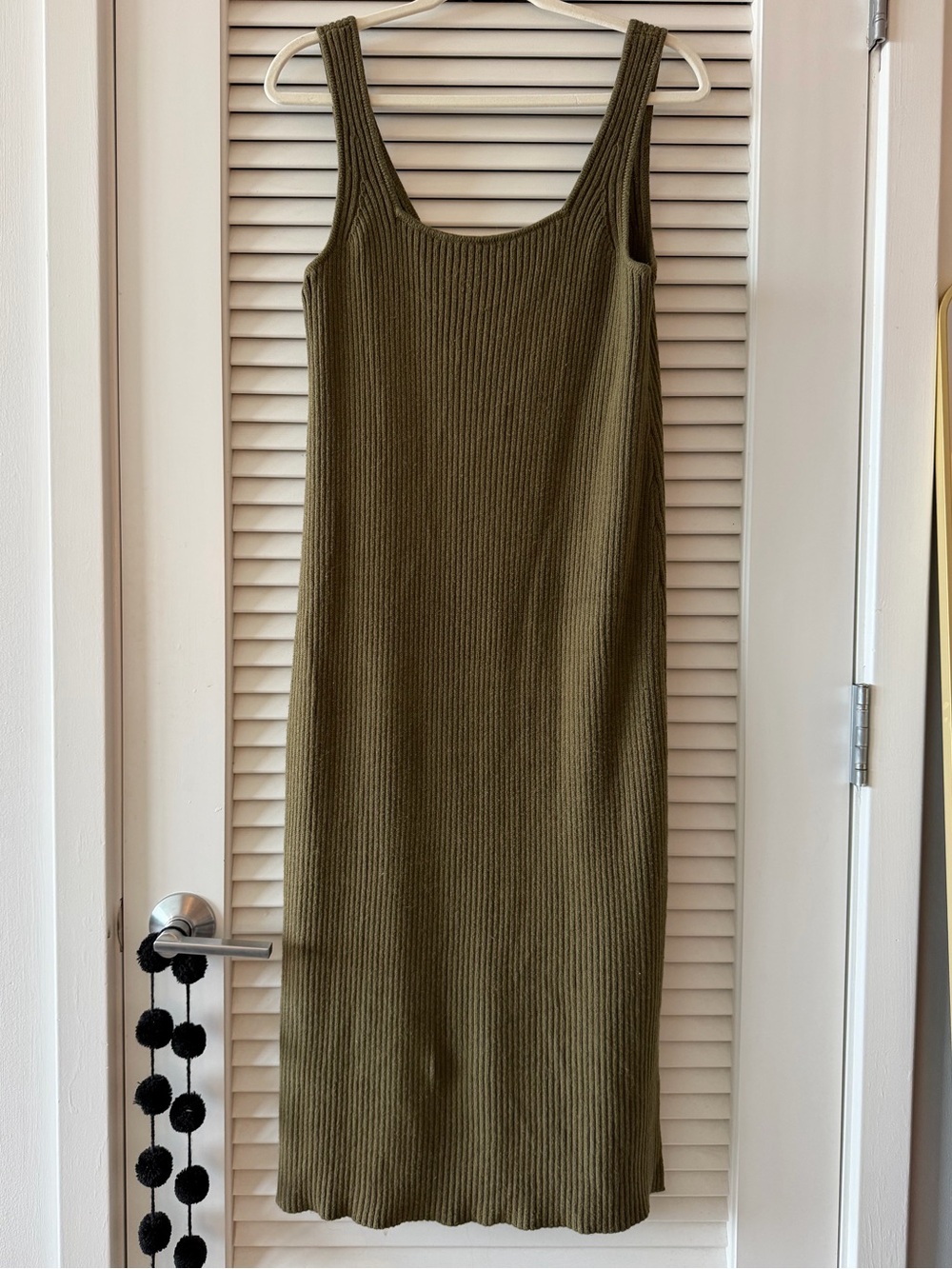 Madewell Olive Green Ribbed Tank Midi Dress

...

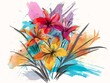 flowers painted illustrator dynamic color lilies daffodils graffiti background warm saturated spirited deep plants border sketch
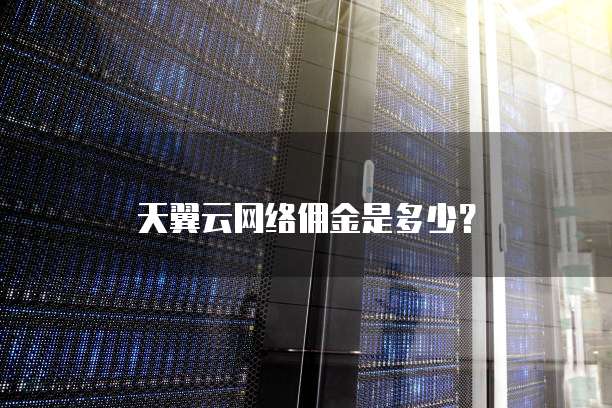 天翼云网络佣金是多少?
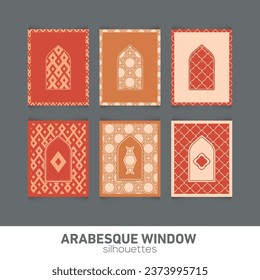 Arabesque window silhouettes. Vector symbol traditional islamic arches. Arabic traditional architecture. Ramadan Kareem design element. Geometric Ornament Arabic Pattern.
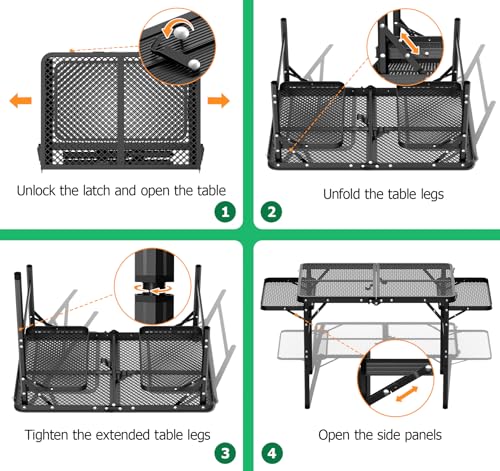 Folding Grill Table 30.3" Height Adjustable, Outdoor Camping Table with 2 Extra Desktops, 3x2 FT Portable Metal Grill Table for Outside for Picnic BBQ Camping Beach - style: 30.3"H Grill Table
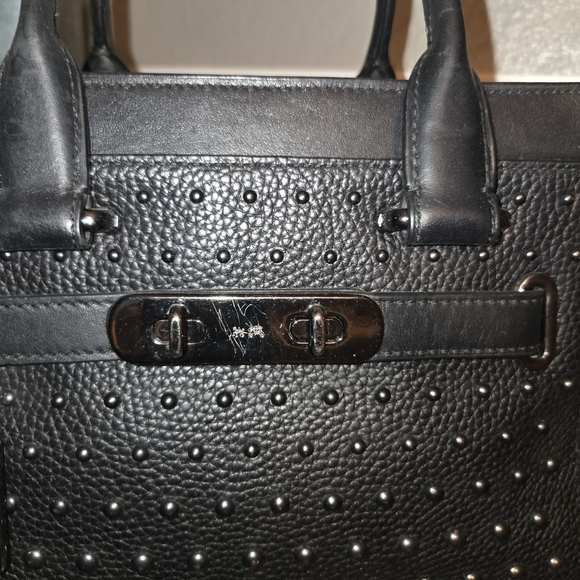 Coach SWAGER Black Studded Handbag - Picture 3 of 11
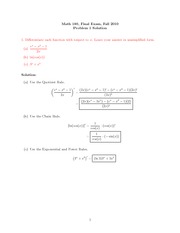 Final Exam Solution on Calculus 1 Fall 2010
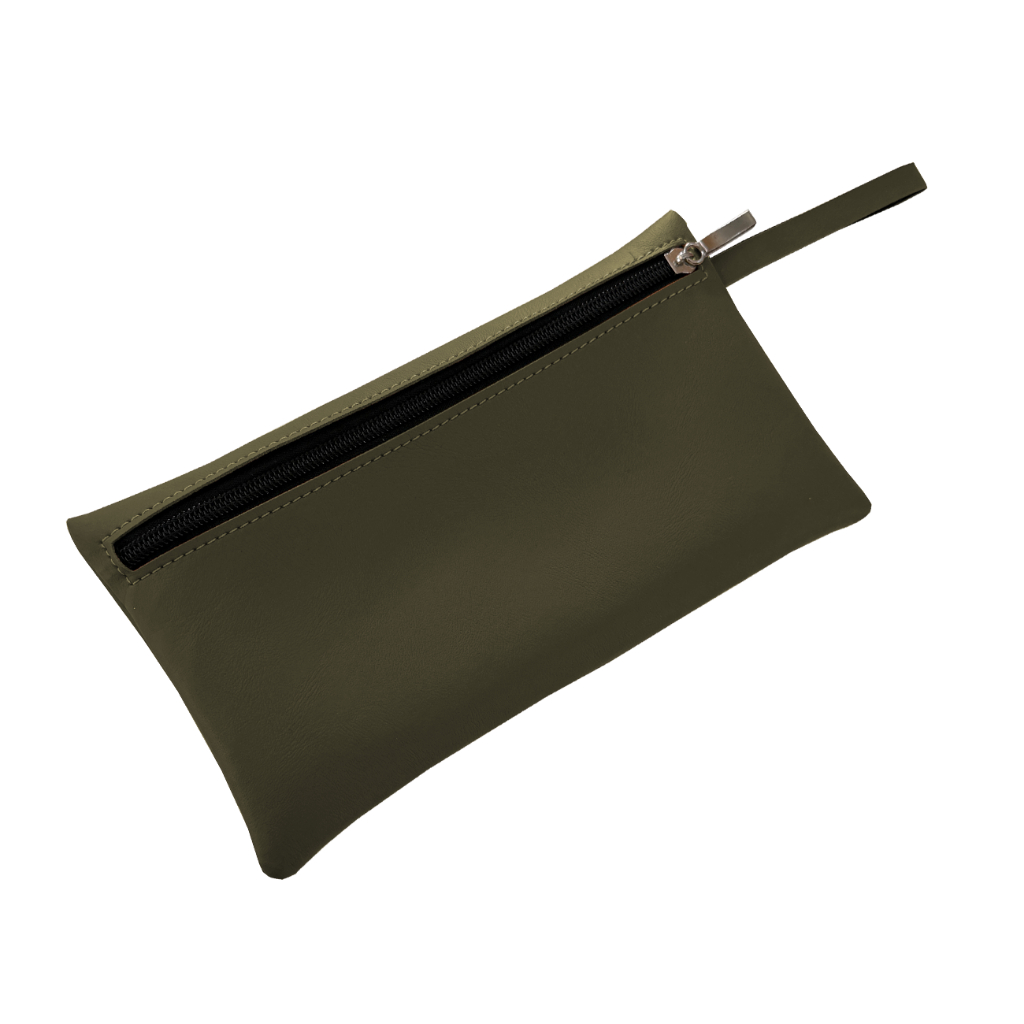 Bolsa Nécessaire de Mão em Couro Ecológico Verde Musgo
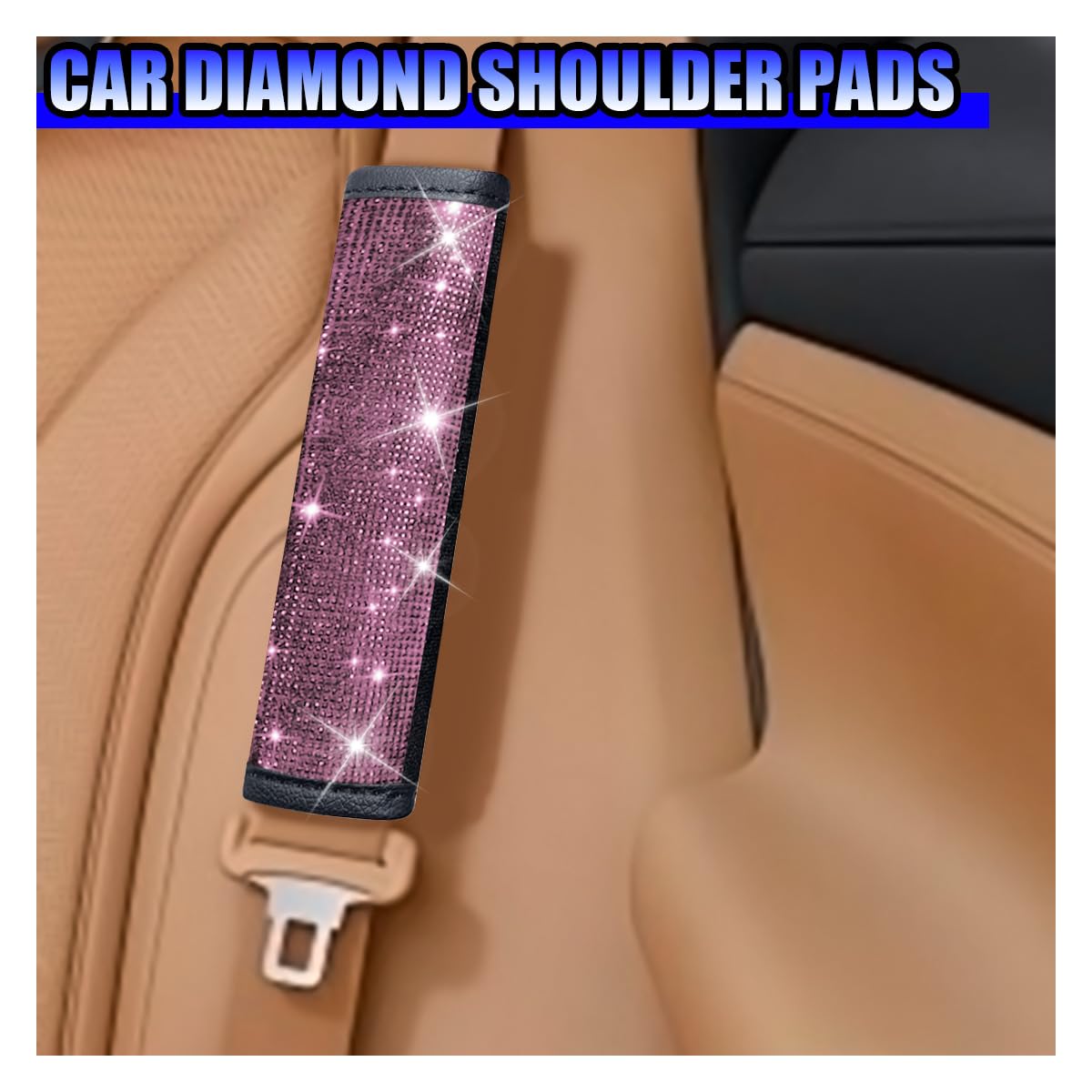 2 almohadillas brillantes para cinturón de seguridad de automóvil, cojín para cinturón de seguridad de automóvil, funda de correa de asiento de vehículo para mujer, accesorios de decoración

_What is needed_
Everything from the line above that contains "flowers painted illustrator" down to the line that contains "2 almohadillas brillantes" must be reproduced exactly, both ends included. Omit the pictures.

_Result for this exercise_
 flowers painted illustrator dynamic color lilies daffodils graffiti background warm saturated spirited deep plants border sketch
 天翼云网络佣金是多少?
 Arabesque window silhouettes. Vector symbol traditional islamic arches. Arabic traditional architecture. Ramadan Kareem design element. Geometric Ornament Arabic Pattern.
 Folding Grill Table 30.3" Height Adjustable, Outdoor Camping Table with 2 Extra Desktops, 3x2 FT Portable Metal Grill Table for Outside for Picnic BBQ Camping Beach - style: 30.3"H Grill Table
 Coach SWAGER Black Studded Handbag - Picture 3 of 11
 Final Exam Solution on Calculus 1 Fall 2010
 Bolsa Nécessaire de Mão em Couro Ecológico Verde Musgo
 2 almohadillas brillantes para cinturón de seguridad de automóvil, cojín para cinturón de seguridad de automóvil, funda de correa de asiento de vehículo para mujer, accesorios de decoración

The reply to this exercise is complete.